Id. at *54 (citations omitted). 
The Zimmerman  court was not moved by the argument that the New Jersey statute does not create a fraud-on-the-FDA claim, like in Buckman, but rather only gives plaintiffs the opportunity to rebut a presumption and thereby bring a tort claim under New Jersey common law:
Once New Jersey passed the statutory immunity provision for punitive damages, the traditional cause of action is no more rooted in common law doctrine than the stand-alone claim in Buckman. This is because, in the post-statutory immunity world, a plaintiff’s punitive damages claim hinges on whether the defendant-drug maker made adequate disclosures to the agency and whether, in the face of these inadequate disclosures, the agency would have approved the drug. In this way, New Jersey’s statutory immunity provision makes fraud on the FDA a “critical element” of every punitive damages claim.

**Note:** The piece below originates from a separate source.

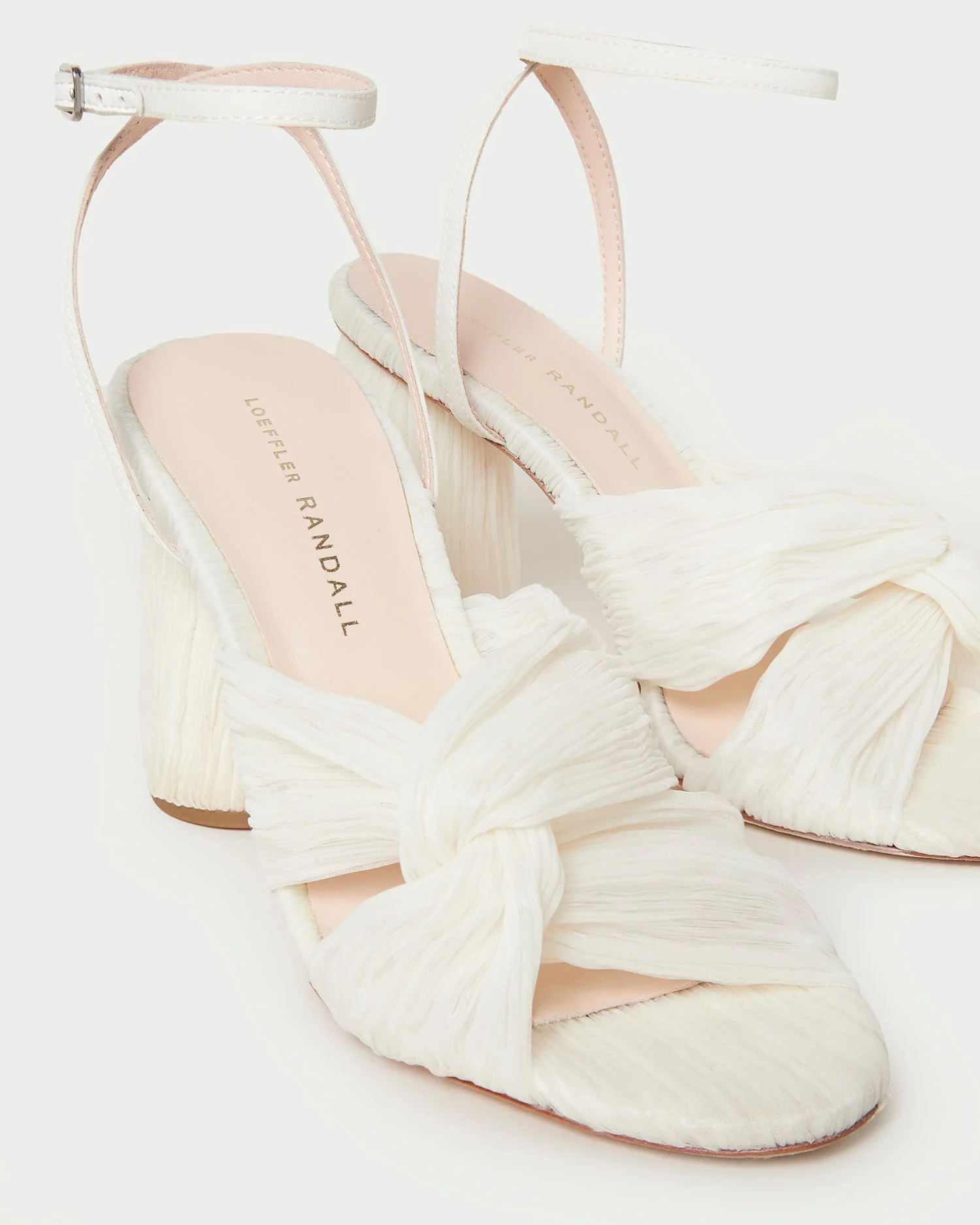 Pleated Twist Sandal | Pearl - Image 3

Id. at *55-56 (citation omitted).
It really is a simple analysis.  The statute authorizes juries to dig into the details of regulations and New Drug Applications and make independent determinations of what the FDA should have done or would have done, but didn’t do.  In other words, precisely what juries can’t do under federal law:
Simply put, Plaintiff’s claim for punitive damages requires a state fact finder to determine what was required to be submitted to the FDA, whether it was submitted to the FDA and, whether the FDA would have made a different approval decision had it been provided with the correct or missing information. Plaintiff’s claim thus requires a fact finder to make these types of determinations as a matter of state law even though federal law makes such determinations the exclusive province of the FDA. Accordingly, Plaintiff’s claim for punitive damages poses an obstacle to the objectives and purpose of the FDCA, and is therefore preempted by the FDCA.
Id. at *51-52.
It doesn’t, and shouldn’t, matter whether this improper determination is an element of a claim, a gateway to a broader claim, or the entirety of the claim.  Jury after jury deciding what the FDA should have gotten and done about it gets in the way of the FDA doing its job.  The Zimmerman court gave a good quotation for this too:
Allowing state fact finders to second-guess the very decisions that federal law leaves entirely to the agency presents “the same inter-branch-meddling concerns that animated Buckman.” As in Buckman, allowing punitive damages liability here would require applicants to submit a “deluge” of unnecessary information during the approval process, which in turn, delays the approval of new drugs.  In seeking to comply with various statutory immunity provisions, drug manufacturers would “exert an extraneous pull on the scheme established by Congress.”
Id. at *57. 

We told you that the court's discussion was much better than just, "see McDarby."  Keep it handy for future briefs.